Output exactly the lines below, starting with the line that has "benny medium weight" and going on through the line that has "Kyoto-Lion Punctuation Saves", both included, and no other lines.

═══ SOURCE MATERIAL ═══

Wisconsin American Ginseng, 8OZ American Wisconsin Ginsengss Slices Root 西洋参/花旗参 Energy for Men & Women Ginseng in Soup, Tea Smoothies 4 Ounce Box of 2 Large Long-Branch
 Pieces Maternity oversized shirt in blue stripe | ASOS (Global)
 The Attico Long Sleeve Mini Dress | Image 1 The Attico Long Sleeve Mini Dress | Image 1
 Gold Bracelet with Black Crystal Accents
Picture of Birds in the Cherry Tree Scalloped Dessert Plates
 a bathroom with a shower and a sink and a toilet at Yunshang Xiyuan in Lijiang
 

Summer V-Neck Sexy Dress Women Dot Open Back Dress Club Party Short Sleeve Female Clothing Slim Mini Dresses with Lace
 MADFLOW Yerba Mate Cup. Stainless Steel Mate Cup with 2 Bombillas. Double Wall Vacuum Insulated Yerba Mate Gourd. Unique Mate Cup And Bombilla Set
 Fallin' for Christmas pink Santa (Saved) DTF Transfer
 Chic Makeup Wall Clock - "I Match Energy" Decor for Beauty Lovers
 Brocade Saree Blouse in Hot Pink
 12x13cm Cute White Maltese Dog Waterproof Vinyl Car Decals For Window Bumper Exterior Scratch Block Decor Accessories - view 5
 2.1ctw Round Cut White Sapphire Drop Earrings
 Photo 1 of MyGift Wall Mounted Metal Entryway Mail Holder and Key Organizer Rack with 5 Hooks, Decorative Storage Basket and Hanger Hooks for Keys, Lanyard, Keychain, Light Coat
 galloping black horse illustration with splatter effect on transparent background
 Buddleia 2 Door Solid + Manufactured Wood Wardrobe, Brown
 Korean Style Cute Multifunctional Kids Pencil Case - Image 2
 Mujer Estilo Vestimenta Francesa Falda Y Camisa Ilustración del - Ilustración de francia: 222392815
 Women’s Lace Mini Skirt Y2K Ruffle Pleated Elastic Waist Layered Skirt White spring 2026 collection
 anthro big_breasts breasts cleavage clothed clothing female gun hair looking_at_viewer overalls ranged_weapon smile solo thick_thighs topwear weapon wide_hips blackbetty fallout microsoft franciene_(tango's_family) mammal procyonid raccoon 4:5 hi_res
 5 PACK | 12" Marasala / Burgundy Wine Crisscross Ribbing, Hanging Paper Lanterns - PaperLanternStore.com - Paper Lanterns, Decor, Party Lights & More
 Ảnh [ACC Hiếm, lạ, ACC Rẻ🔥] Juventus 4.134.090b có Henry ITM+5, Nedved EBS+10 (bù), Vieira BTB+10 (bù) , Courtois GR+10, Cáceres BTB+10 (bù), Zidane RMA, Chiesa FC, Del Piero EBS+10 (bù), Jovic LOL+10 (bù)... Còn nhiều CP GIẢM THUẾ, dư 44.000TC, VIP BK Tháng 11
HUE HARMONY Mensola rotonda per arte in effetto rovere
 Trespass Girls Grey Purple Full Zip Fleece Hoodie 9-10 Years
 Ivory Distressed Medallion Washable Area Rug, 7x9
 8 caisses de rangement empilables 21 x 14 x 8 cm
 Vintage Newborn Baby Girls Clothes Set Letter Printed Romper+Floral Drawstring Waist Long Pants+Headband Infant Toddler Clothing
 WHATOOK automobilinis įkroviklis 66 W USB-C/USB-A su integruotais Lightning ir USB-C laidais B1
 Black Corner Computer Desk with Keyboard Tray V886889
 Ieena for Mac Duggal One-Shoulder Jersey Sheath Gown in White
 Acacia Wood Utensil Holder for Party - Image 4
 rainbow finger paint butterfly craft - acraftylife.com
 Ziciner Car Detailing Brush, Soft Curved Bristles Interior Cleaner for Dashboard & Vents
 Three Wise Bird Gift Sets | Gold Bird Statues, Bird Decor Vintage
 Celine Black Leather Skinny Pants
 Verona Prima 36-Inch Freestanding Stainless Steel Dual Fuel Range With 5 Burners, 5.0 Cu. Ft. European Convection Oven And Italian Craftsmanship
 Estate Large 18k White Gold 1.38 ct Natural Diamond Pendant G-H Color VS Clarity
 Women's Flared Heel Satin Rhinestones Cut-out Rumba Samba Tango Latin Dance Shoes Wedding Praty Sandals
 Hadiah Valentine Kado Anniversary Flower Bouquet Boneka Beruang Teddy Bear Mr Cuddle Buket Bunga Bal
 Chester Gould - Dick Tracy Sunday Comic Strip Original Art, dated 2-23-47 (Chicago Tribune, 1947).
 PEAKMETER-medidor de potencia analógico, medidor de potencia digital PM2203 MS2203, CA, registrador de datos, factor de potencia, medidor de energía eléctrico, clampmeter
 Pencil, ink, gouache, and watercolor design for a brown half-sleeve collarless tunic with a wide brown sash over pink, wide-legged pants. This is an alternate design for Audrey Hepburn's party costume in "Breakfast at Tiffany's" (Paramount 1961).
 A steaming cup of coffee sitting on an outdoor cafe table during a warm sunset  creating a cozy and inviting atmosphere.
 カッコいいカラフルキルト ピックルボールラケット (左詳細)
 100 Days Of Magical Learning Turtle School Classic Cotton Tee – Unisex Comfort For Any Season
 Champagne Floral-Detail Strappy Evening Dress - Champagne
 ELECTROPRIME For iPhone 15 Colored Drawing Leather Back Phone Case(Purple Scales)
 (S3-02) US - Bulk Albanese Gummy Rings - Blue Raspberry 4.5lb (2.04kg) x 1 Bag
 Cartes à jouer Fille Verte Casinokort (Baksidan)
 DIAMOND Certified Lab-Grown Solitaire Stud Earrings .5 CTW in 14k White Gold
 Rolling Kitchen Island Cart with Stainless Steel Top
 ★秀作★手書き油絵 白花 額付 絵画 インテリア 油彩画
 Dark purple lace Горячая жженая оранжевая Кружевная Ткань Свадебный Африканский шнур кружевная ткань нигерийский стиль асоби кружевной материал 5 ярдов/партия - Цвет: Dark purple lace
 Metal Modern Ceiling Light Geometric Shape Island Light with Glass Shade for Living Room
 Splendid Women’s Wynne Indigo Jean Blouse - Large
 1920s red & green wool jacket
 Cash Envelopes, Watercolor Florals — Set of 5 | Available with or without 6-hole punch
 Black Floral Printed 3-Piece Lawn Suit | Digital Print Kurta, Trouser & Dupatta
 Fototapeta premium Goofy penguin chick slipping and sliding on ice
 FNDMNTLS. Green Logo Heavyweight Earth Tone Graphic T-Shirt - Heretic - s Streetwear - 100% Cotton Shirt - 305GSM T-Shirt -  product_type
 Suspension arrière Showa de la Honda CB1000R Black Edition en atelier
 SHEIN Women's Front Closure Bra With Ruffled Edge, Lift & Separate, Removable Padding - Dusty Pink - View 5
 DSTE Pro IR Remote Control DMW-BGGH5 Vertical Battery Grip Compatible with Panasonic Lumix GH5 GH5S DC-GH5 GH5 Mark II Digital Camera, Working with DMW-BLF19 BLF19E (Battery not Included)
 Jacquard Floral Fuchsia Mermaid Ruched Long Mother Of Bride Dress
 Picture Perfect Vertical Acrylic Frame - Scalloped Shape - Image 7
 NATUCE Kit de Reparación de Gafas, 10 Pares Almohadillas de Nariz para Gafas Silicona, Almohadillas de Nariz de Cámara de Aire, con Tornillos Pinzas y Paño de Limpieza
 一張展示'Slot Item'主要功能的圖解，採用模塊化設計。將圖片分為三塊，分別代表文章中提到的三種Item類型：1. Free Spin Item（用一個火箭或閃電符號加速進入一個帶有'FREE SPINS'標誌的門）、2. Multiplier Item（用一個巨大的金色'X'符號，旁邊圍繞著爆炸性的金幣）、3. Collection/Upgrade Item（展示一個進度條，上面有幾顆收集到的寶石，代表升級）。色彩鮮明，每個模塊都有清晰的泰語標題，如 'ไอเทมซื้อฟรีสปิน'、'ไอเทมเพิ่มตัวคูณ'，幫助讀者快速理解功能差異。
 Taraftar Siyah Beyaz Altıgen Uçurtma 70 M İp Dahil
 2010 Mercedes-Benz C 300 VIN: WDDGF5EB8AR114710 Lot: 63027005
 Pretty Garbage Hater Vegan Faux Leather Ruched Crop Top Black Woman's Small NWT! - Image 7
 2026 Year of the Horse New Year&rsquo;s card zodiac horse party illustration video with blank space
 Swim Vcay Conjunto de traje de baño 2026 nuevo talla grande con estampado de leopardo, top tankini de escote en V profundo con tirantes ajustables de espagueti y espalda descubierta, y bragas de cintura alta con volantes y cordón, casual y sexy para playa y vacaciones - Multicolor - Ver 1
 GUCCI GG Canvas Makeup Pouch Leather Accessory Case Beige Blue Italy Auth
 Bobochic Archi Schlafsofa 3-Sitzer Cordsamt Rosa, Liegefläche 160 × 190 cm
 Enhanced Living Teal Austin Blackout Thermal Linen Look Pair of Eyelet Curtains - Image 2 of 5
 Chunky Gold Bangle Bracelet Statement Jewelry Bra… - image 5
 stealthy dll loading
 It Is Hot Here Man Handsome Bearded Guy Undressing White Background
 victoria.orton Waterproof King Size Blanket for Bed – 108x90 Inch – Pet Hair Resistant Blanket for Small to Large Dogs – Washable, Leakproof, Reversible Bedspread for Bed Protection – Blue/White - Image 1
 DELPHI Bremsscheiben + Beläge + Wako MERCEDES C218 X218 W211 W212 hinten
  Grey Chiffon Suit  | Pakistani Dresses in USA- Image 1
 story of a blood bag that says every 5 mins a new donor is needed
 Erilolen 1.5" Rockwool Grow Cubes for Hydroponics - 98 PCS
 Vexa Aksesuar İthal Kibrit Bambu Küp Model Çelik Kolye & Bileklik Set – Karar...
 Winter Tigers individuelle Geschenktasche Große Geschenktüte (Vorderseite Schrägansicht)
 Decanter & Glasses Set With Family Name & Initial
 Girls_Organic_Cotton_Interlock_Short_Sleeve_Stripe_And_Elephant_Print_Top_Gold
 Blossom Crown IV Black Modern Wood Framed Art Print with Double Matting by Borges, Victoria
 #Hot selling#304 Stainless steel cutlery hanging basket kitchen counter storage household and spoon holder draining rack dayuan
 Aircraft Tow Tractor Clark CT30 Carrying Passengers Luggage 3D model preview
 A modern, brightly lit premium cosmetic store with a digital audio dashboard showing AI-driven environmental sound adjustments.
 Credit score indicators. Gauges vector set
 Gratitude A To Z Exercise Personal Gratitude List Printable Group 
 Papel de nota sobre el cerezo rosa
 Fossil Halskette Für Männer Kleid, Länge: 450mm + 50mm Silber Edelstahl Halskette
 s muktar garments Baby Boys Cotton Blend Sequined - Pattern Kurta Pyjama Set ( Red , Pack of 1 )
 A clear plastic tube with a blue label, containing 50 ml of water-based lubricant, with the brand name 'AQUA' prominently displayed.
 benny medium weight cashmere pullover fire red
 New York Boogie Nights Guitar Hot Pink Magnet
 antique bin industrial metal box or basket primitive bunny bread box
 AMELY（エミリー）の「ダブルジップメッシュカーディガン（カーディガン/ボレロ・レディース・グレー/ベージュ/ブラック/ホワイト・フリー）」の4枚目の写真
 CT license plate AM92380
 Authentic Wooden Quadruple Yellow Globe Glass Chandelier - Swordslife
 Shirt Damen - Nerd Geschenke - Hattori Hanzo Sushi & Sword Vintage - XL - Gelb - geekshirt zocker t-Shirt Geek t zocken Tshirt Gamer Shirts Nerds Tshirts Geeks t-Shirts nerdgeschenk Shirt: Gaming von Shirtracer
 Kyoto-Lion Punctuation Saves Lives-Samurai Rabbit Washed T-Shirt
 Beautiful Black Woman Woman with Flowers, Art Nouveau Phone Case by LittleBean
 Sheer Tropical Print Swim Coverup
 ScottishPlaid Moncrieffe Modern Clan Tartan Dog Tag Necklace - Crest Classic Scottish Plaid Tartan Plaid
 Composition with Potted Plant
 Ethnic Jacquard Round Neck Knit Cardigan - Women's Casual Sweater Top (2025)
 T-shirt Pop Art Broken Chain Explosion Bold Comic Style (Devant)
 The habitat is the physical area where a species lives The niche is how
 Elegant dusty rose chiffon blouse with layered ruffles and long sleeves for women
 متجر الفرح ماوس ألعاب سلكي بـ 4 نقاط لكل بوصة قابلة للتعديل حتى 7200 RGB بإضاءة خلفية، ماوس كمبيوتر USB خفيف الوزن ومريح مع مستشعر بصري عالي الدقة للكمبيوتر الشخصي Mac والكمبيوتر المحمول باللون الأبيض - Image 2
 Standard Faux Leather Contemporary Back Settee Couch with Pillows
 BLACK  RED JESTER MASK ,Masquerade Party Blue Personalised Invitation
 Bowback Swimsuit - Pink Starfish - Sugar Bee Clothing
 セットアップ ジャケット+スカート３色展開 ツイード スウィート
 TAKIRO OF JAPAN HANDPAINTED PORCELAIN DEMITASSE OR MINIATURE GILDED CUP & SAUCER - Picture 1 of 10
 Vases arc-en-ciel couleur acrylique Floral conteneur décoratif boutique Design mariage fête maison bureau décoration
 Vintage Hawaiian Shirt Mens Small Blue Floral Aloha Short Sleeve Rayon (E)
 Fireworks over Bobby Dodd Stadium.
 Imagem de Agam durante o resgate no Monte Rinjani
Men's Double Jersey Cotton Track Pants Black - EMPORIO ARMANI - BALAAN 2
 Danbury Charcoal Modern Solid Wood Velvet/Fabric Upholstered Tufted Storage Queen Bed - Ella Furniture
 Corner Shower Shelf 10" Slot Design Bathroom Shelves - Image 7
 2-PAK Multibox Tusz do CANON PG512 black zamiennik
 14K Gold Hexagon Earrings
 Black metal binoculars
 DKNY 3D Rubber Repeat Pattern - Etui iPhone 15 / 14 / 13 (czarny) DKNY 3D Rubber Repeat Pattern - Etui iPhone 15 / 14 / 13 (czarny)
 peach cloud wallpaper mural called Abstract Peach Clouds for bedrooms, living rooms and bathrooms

═══

ANSWER
 benny medium weight cashmere pullover fire red
 New York Boogie Nights Guitar Hot Pink Magnet
 antique bin industrial metal box or basket primitive bunny bread box
 AMELY（エミリー）の「ダブルジップメッシュカーディガン（カーディガン/ボレロ・レディース・グレー/ベージュ/ブラック/ホワイト・フリー）」の4枚目の写真
 CT license plate AM92380
 Authentic Wooden Quadruple Yellow Globe Glass Chandelier - Swordslife
 Shirt Damen - Nerd Geschenke - Hattori Hanzo Sushi & Sword Vintage - XL - Gelb - geekshirt zocker t-Shirt Geek t zocken Tshirt Gamer Shirts Nerds Tshirts Geeks t-Shirts nerdgeschenk Shirt: Gaming von Shirtracer
 Kyoto-Lion Punctuation Saves Lives-Samurai Rabbit Washed T-Shirt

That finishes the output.